Verlang jij wel eens terug naar ronkende stadsbussen, knetterende scooters of stationair dreunende vrachtwagens met stinkende uitlaatgassen? Dan ben je vast iemand die vindt dat vroeger alles beter was. Moderne elektrische motoren maken bijna geen geluid meer en stinken doen ze evenmin. Helaas hoor je dan wel andere geluiden weer beter, zoals de banden op het asfalt of de knallende muziek uit de oortjes van je mede-buspassagier. Wordt het steeds stiller in de stad?
Dit keer weer een verandersignaal dat schittert door afwezigheid (net als de grafstenen in deze eerdere blogpost). Want met de oprukkende elektromotor verdwijnt het gebrom en geknetter van de verbrandingsmotor langzaam maar zeker uit het straatbeeld. Omdat de meeste mensen er eigenlijk wel aan gewend waren, valt het niet eens zo op. (Vallen dingen die verdwijnen niet altijd minder op dan dingen die verschijnen?) Maar wie naast een busbaan woont, weet wel beter: elektrische bussen zijn een verademing voor je oren (en je longen). Of neem bromfietsen en scooters. Die worden inmiddels in razend tempo vervangen door elektrische varianten (zie ook deze blogpost). Het resultaat: minder lawaai en gezondere lucht.

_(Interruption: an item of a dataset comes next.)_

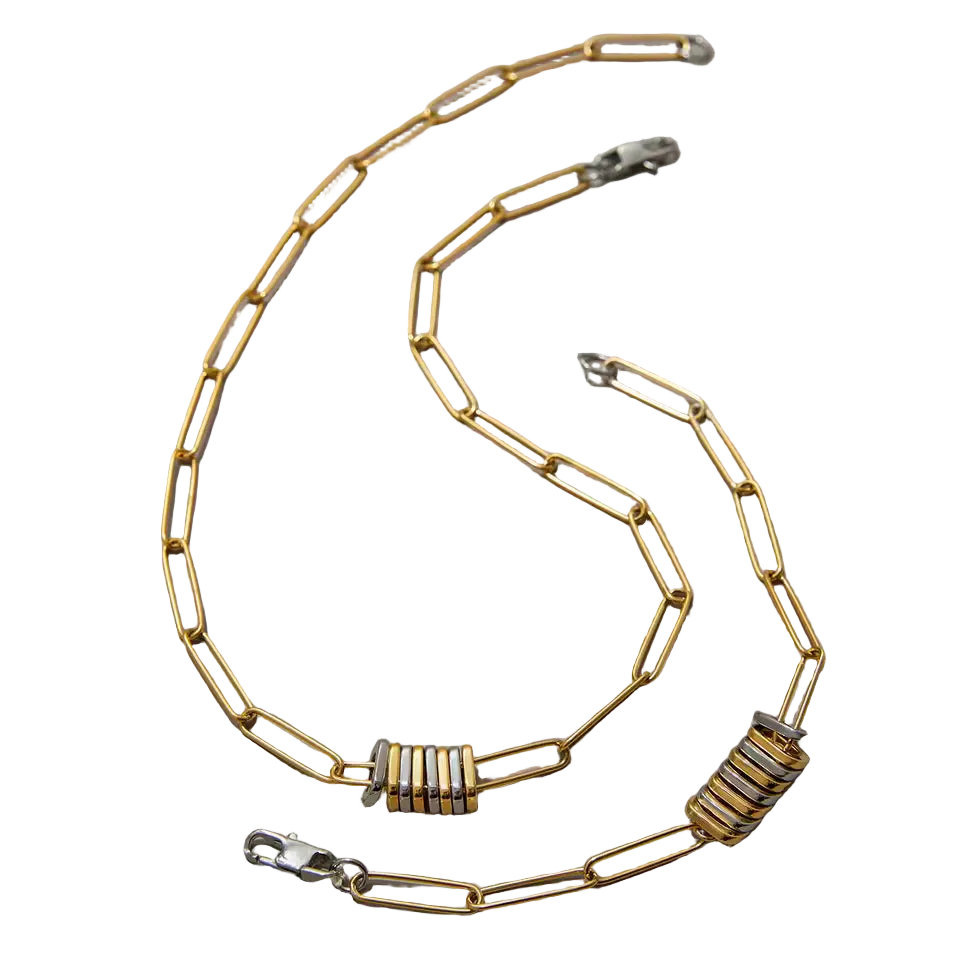 Gold chain with metal clasp on a white background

Het stadsverkeer wordt dus steeds stiller. Toch? Nou, dat ligt iets genuanceerder. De geluidswinst (of eigenlijk het geluidsverlies) zit met name in de lage snelheden. Dat geldt dus voor voertuigen met een stille elektromotor die 30 of 40 kilometer per uur rijden. (E-auto’s zijn inmiddels zelfs zo stil dat technici expres geluiden moeten toevoegen om ongelukken te voorkomen. Want je verwacht een ronkende motor, alleen hoor je die niet meer.) Maar bij snelheden boven 50 kilometer per uur is de winst van de elektrische motor bijna nihil. Want bij die snelheid is het geluid van de banden op het asfalt de belangrijkste bron. En dat geluid neemt alleen maar toe doordat voertuigen steeds zwaarder worden. (Daarom stappen veel elektrische rijders ook over op geluidsarme banden.) In grote lijnen is het verkeer in de afgelopen 40 jaar niet echt stiller geworden, alleen op plekken waar het langzaam rijdt. Conclusie: op veel plaatsen in de stad is het inderdaad stiller geworden en wordt het steeds stiller, maar op andere plekken (bijvoorbeeld bij snelwegen aan de rand van de stad) juist weer niet.
Wordt de stad van de toekomst een oase van stilte? Je zou kunnen zeggen dat we wat betreft het verkeer (bij lage snelheden) langzaam die kant op gaan. Het wegverkeer is de belangrijkste bron van geluidshinder en daar valt juist in steden veel te halen. Door de elektrificatie van auto’s, bussen, bromfietsen en scooters zal het in (delen van) steden steeds stiller worden. Het gebruik van stiller asfalt en stillere banden kan ook bij hogere snelheden bijdragen aan verdere geluidsafname. Maar verkeer is natuurlijk niet de enige bron van stadslawaai. En met de nog steeds groeiende steden zal ook het geluid en de (ervaren) geluidsoverlast toenemen. Inmiddels experimenteren steden daarom met soundscaping: het akoestisch inrichten van straten of pleinen. Geluidsoverlast wordt teruggebracht door aanpassingen in de ruimte, zoals het weren van auto’s, de aanleg van waterpartijen of het planten van struiken en bomen. Meer groen om zowel lawaai als regenwater te absorberen: zo gaat geluidsreductie hand in hand met klimaatadaptatie. Er wordt in ieder geval gewerkt aan een oase van stilte.
Tip: Wil je zelf het geluid in jouw omgeving meten? Het Eindhovense bedrijf in akoestische camera’s Sorama heeft daar een handige (gratis) app voor ontwikkeld.